At 10,000 envoys, memory sits at ~1.4 GiB of 8 GB — comfortable with 5.6 GiB headroom. The constraint arrives around 25,000 envoys where gRPC buffers alone consume 1.6 GiB.

Network Bandwidth

Request sizes: ~3 KiB check-in request (includes traits JSON + signature), ~100 bytes no-change response, ~30 KiB full bundle (with stub optimization).

Fleet Size Steady-state (bidirectional) Config change burst (30s)
1,000 ~100 KB/s ~1 MB/s
5,000 ~500 KB/s ~5 MB/s
10,000 ~1 MB/s ~10 MB/s
25,000 ~2.5 MB/s ~25 MB/s

Steady-state includes both request (3 KiB) and response (100 bytes) traffic. Even at 25,000 envoys, sustained bandwidth is 2.5 MB/s — 2% of a 1 Gbps link.

SQLite Write Load

The flusher runs every 10 seconds. At 30-second check-in intervals, every envoy checks in ~3 times per flush window, but the flusher only writes the latest state — so the number of dirty envoys per flush equals the fleet size (same as 1-minute intervals).

Fleet Size Dirty envoys per flush Batch transactions SQLite write time
1,000 ~1,000 2 ~5 ms
5,000 ~5,000 10 ~25 ms
10,000 ~10,000 20 ~50 ms
25,000 ~25,000 50 ~125 ms

All well within the 10-second flush window. WAL mode ensures check-in handlers are never blocked by writes.

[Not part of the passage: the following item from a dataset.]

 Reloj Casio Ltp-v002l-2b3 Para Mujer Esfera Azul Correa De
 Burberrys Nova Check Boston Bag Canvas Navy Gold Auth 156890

Traits writes: At 30-second intervals, agents send traits twice as often as at 1-minute intervals — but the hash-dedup still filters 95%+ of check-ins (traits don't change between 30-second cycles). No meaningful increase in traits write volume.

Comparison to 1-Minute and 5-Minute Intervals

Metric (10k fleet) 5-min (default) 1-min 30-sec
Avg RPS 33 167 333
Drift correction (avg) 2.5 min 30s 15s
Stale detection 15 min 3 min 90s
CPU (sustained) ~1% ~5% ~10%
Network (steady-state) ~100 KB/s ~500 KB/s ~1 MB/s
Memory ~1.4 GiB ~1.4 GiB ~1.4 GiB
SQLite flush ~50 ms ~50 ms ~50 ms

Memory and SQLite load are identical across intervals because they scale by fleet size, not check-in frequency. CPU and network scale linearly with frequency.

Capacity Recommendations

No Tuning: Up to 10,000 Envoys

Default settings handle 10,000 envoys at 30-second check-ins:

  • ~10% of one core (sustained), ~24% on config change burst
  • ~1.4 GiB memory
  • ~1 MB/s network
  • 50 ms SQLite flush every 10 seconds

With Tuning: 10,000-15,000 Envoys

checkin:
  interval: "30s"
  jitter_percent: 10
tuning:
  gogc: 200
  memory_limit: "6GiB"
  grpc_read_buffer: 16384
  grpc_write_buffer: 16384

Reduces gRPC buffer memory by half (320 MiB at 10k instead of 640 MiB). Comfortable up to 15,000 envoys on 8 GB.

Beyond 15,000 Envoys

Options:

  1. Upgrade to 8 vCPU / 16 GB — handles ~30,000 envoys at 30s intervals with tuning
  2. Spanner (hub-spoke) — shard fleet across spoke servers, each handling its own subset

Streaming vs. Polling at 30 Seconds

At 30-second polling, the latency for ad-hoc tasks is "up to 30 seconds" (average 15 seconds). For most operational workflows, this is fast enough. Streaming is only worth enabling if you need sub-second task dispatch or if the fleet runs frequent live queries.

Bottleneck Hierarchy (30-Second Intervals)

  1. Memory (gRPC buffers) — 640 MiB at 10k connections. First hard limit at ~20k envoys on 8 GB (with tuned 16 KiB buffers, ~25k).
  2. CPU (ED25519 verify) — 10% of one core at 10k envoys. Saturates all 4 cores at ~40k-60k envoys.
  3. SQLite flusher — 125 ms at 25k envoys. Not a concern until ~80k+ envoys per flush window.
  4. Network — 2.5 MB/s at 25k envoys. Under 3% of 1 Gbps.